Brief descriptive captions:

-- Opening Marker --

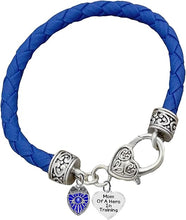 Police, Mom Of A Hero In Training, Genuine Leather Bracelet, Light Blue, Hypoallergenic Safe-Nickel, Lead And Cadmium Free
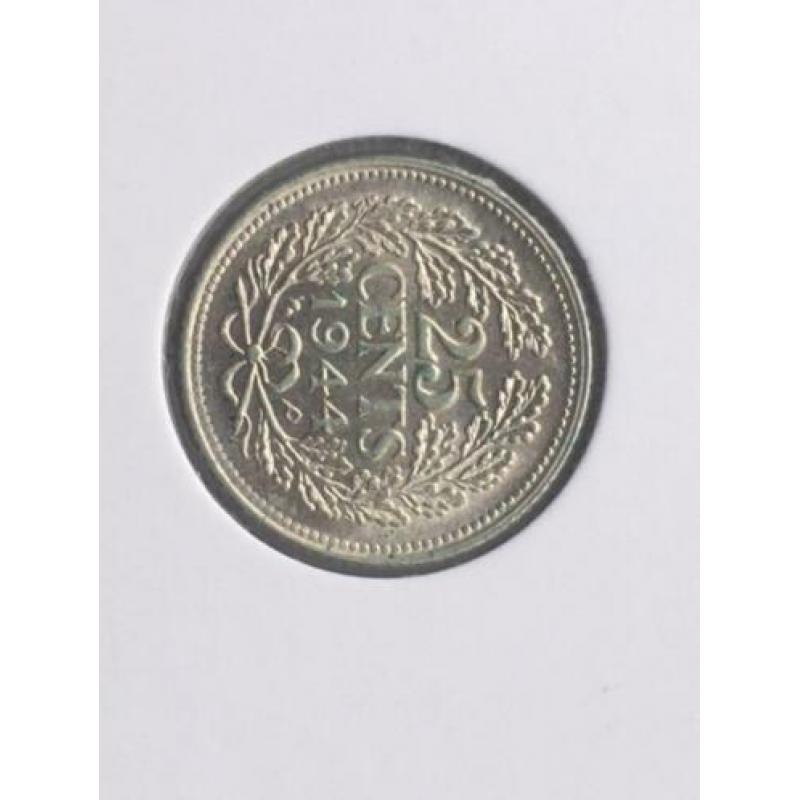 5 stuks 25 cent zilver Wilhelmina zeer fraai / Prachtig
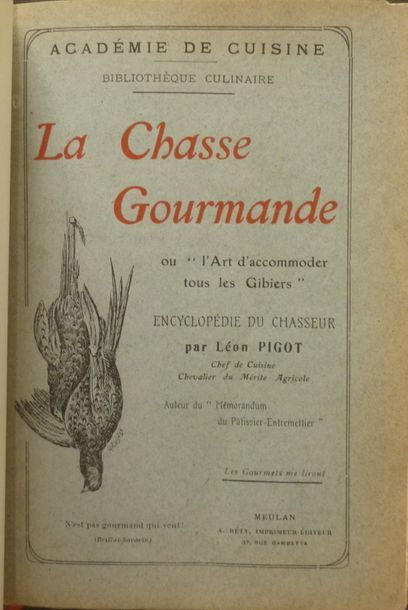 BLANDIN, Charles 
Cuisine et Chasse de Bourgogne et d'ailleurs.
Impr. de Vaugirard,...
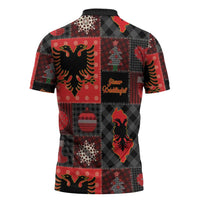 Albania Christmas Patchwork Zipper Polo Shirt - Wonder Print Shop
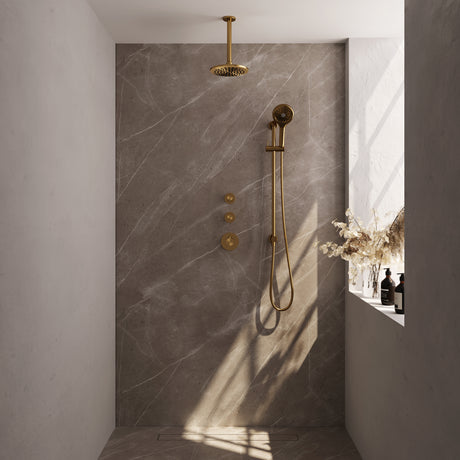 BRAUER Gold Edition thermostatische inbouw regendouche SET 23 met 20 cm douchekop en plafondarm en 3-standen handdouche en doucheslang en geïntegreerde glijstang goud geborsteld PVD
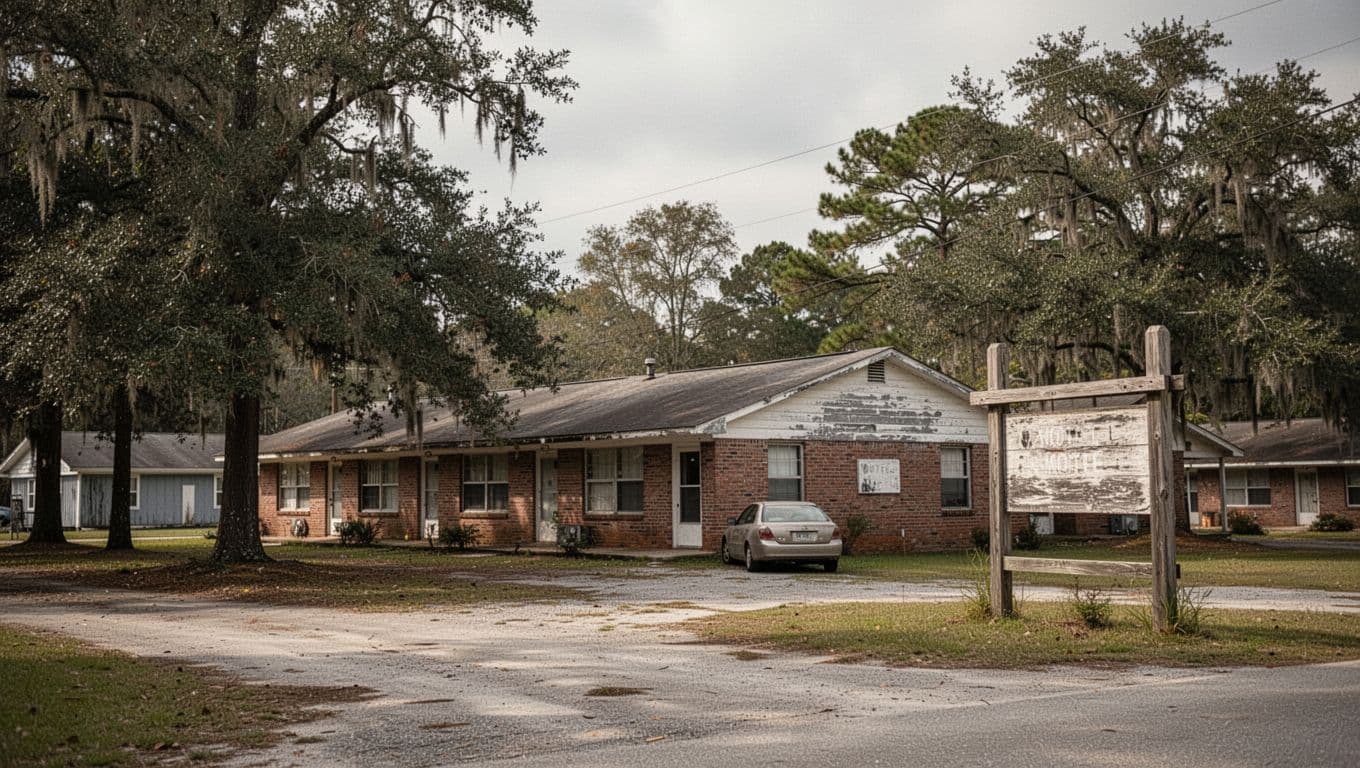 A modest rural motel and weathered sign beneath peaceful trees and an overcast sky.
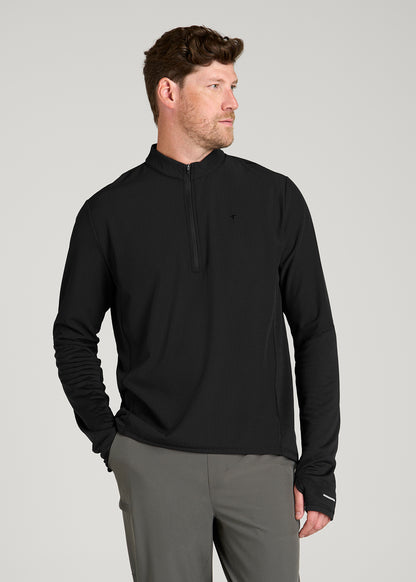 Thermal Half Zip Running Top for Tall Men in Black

-- Closing Marker --

[Your objective] The answer should contain nothing but the lines from the top of the data above through the line containing "Impr. de Vaugirard,...", copied exactly, with no images.

[Your response]
 Police, Mom Of A Hero In Training, Genuine Leather Bracelet, Light Blue, Hypoallergenic Safe-Nickel, Lead And Cadmium Free
 5 stuks 25 cent zilver Wilhelmina zeer fraai / Prachtig
 BLANDIN, Charles 
Cuisine et Chasse de Bourgogne et d'ailleurs.
Impr. de Vaugirard,...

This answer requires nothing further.